What notes, save notes of grief, can flow,
A harsh and unmelodious strain?
My soul domestic ills oppress with dread,
And bid me mourn a brother dead.
What visions did my sleeping sense appall
In the past dark and midnight hour!
'Tis ruin, ruin all.
My father's houses-it is no more:
No more is his illustrious line.
What dreadful deeds hath Argos known!
One only brother, Fate, was mine;
And dost thou rend him from me?

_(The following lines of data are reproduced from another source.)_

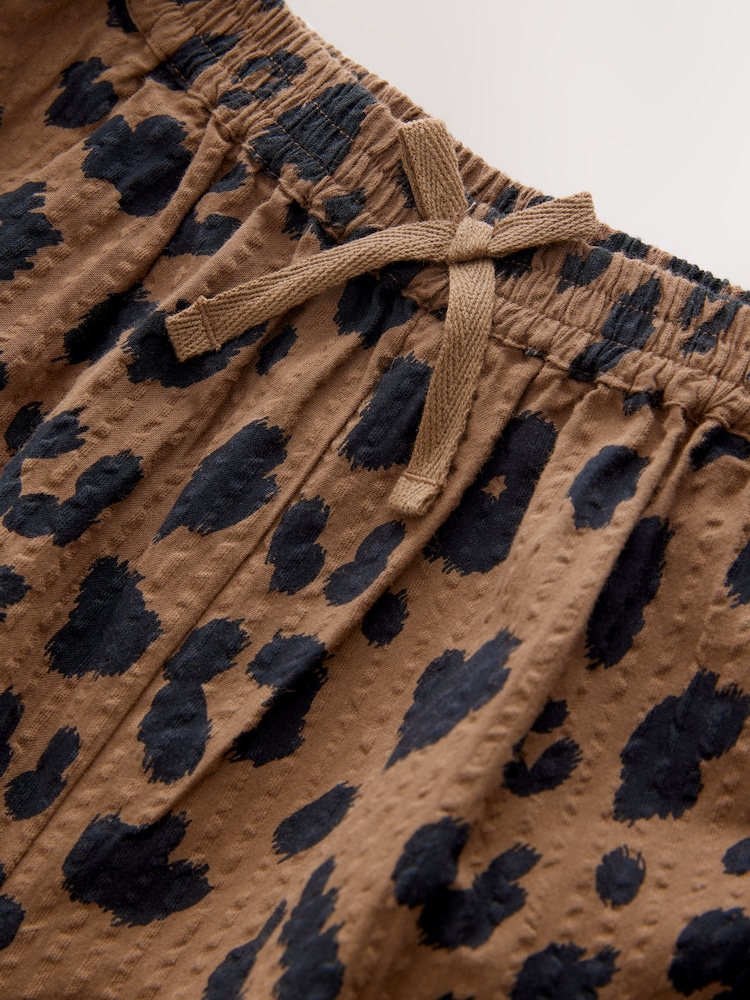 Leopard Print Pull-On 100% Cotton Trousers (3-16yrs) - Image 8 of 8 Leopard Print Pull-On 100% Cotton Trousers (3-16yrs) - Image 8 of 8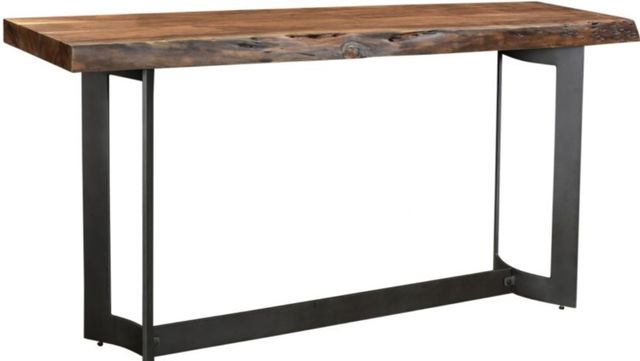 Moe's Home Collection Bent Smoked Console Table with Black Metal Trestle Base-0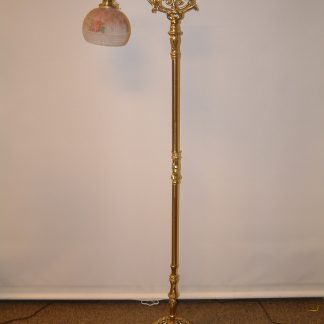 Ornate Fancy Base Bridge Lamp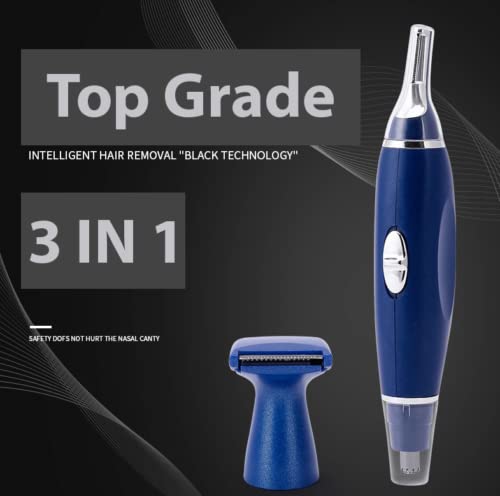 THE PERFECT PART 3 in 1 Nose Ear Hair Trimmer Face Eyebrow Shaver Clipper Groomer Cleaner New USA Beauty and Personal Care THE PERFECT PART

Is he gone
To Pluto's dreary realms below?
For him, as dead, with pious care
This goblet I prepare;
And on the bosom of the earth shall flow
Streams from the heifer mountain-bred,
The grape's rich juice, and, mix'd with these,
The labour of the yellow bees,
Libations soothing to the dead.
Give me the oblation: let me hold
The foaming goblet's hallow'd gold.
O thou, the earth beneath,
Who didst from Agamemnon spring;
To thee, deprived of vital breath,
I these libations bring.
Accept them: to thy honour'd tomb,
Never, ah! never shall I come;
Never these golden tresses bear,
To place them there, there shed the tear;
For from my country far, a hind
There deem'd as slain, my wild abode I find.